A Chinese state-owned firm stepped in to buy a stake in a regional bank from China Evergrande Group in a bid to limit the potential fallout from the debt crisis at the country’s largest property developer.
Evergrande agreed to sell a 20 percent stake in Shengjing Bank co to the local Shenyang government for 10 billion yuan ($2.13 billion), with the bank demanding that all proceeds go to settle debts owed to it by the developer, according to a Sept. 29 statement to the Hong Kong stock exchange.
The sale highlights the mounting pressure on the developer to pay back its massive debt liabilities, north of $300 billion. Evergrande has missed two bond interest payments in the past two weeks, bondholders have said.
Meanwhile, it remains to be seen whether Chinese authorities will step in to bail out the company in the event of a default.
On Sept. 28, Chinese state media said that Beijing had instructed local governments to handle Evergrande’s debt crisis in an interview with an insider who works in a regulatory agency over construction in an undisclosed province. The central authorities proposed that “Whoever is the parent should come get his or her child,” meaning Evergrande’s problems in different regions—including unfinished projects, debts to suppliers, and debts to investors—should be tackled by local governments. The priority is to complete Evergrande’s unfinished constructions, to assuage the anxiety of home buyers.
This kind of solution, “whoever is the parent should come get his or her child,” has been adopted before to resolve complex issues. In 2016, when the State Council of the CCP dealt with Internet financial problems, it formulated a set of rectification plans based on this method.
With regard to the method of having local governments handle complex national issues related to their respective regions, Hong Kong-based finance and economics columnist Liao Shiming shared his views with The Epoch Times.
“Shengjing Financial Holdings purchased some of Evergrande’s equity, and it is probably one of the few high-quality assets for Evergrande, but Evergrande has no right to decide what to sell, how much to sell, and how to sell. It is very likely that Evergrande will be split in the process,” Liao said in an interview on Sept. 30.
He believes Beijing’s main concern is social stability, as the fall of Evergrande involves too many victims. “The CCP asks local governments to handle the problems incurred by Evergrande, in order to avoid social unrest,” Liao said. “As to how the local governments will handle these problems, the central authorities do not care. Many outsiders think the CCP will try to rescue Evergrande and help to repay its debts. That is not true, as can be seen from the CCP’s ‘each parent takes his own child’ policy.”

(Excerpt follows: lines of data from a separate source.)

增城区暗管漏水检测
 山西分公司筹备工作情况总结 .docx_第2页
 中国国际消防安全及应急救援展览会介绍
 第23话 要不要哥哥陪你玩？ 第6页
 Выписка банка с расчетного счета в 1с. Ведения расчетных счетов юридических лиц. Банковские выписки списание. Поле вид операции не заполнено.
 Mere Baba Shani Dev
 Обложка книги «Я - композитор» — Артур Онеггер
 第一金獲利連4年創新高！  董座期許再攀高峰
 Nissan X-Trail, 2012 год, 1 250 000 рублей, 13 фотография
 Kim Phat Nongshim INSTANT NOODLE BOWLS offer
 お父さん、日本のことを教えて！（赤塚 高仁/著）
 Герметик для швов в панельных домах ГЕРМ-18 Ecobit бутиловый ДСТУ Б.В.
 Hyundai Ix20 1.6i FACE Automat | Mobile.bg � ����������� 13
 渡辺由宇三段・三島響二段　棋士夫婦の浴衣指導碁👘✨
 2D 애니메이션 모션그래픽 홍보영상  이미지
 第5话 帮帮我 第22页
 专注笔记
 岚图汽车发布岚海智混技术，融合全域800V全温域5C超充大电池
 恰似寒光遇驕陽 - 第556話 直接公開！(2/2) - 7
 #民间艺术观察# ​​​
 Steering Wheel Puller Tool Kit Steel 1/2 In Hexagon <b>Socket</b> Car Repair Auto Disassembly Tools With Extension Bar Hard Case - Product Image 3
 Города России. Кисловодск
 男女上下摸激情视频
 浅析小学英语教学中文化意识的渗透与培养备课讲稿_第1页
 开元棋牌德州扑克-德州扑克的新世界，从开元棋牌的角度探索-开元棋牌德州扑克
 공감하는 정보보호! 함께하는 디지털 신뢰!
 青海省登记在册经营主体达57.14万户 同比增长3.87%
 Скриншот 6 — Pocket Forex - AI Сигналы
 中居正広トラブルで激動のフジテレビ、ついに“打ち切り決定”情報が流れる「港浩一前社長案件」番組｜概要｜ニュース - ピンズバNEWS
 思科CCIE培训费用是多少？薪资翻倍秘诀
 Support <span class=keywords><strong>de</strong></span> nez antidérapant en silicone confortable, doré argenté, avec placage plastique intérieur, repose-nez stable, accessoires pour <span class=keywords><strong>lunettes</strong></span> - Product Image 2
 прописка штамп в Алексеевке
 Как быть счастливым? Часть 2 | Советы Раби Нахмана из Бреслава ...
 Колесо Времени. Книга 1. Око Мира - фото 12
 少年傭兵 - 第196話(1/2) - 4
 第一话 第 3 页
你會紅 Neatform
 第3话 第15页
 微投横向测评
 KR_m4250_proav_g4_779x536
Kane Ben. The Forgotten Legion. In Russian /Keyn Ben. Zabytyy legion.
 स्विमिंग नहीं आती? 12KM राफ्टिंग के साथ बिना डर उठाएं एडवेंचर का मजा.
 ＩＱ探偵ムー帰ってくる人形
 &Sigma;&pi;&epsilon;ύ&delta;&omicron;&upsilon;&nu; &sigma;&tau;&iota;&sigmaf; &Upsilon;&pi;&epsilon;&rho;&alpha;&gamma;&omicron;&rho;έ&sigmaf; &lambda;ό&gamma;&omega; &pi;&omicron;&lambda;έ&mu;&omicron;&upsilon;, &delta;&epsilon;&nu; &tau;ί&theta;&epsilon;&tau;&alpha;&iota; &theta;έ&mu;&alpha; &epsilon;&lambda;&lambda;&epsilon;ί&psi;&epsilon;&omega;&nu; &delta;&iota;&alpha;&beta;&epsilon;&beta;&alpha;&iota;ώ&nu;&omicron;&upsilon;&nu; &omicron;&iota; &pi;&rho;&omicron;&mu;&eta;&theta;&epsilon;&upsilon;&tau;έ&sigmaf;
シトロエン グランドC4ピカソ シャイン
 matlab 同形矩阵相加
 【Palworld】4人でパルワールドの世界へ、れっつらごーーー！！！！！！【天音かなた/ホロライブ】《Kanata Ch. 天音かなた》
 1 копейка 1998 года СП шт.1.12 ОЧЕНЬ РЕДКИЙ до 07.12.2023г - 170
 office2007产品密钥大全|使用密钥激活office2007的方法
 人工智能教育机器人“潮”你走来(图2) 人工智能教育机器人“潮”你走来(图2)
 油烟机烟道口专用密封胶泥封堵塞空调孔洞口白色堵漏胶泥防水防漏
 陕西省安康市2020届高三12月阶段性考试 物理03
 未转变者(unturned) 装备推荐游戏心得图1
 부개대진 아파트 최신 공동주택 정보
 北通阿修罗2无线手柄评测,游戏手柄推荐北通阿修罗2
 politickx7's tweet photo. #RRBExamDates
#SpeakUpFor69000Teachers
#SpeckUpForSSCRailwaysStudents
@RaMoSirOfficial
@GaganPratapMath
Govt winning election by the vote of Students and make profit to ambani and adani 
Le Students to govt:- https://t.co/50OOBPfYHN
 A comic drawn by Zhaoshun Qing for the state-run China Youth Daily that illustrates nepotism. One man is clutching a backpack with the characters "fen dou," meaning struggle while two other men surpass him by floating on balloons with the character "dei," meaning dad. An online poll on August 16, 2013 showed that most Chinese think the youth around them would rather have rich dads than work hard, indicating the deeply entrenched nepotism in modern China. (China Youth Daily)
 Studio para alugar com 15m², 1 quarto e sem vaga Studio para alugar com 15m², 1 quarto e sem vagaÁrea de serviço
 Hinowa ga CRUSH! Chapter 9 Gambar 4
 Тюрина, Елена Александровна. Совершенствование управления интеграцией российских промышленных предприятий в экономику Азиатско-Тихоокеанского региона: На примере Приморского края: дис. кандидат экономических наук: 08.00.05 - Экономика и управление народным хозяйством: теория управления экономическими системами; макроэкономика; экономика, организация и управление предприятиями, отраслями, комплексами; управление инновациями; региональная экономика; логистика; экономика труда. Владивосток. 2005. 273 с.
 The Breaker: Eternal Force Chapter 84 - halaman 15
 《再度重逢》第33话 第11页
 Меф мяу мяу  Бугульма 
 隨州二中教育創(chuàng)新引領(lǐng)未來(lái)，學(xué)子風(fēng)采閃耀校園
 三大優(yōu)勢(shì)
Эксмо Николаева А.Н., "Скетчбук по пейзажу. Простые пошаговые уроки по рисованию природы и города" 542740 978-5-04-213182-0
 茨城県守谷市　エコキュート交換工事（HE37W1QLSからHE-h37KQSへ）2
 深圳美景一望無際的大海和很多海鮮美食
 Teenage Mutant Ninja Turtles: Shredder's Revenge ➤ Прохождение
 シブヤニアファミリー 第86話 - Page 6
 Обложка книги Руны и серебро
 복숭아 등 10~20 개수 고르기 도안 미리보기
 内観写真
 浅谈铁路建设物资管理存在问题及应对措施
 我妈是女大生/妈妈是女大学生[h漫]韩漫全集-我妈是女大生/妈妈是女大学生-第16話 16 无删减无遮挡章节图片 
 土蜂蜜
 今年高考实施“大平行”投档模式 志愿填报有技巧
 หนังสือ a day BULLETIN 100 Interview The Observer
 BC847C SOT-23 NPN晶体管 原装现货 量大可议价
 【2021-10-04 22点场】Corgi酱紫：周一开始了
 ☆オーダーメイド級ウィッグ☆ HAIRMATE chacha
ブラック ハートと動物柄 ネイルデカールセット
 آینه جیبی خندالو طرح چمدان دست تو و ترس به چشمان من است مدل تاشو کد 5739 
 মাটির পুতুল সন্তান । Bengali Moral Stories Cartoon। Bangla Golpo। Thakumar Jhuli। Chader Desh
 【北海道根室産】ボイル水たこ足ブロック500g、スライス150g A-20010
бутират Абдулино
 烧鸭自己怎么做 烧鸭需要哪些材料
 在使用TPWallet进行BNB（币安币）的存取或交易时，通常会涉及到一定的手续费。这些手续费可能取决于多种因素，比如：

As early as 2015, Ding Zhijie, the current director of the Foreign Exchange Research Center of the Foreign Exchange Administration, pointed out that the policy of “each parent takes his own child” would only worsen financial problems.
“The logic was still planned economy … and it is ‘mission impossible’ for local officials,” he said.
In today’s China, not many local governments are in a position to “take his own child” as Shenyang does.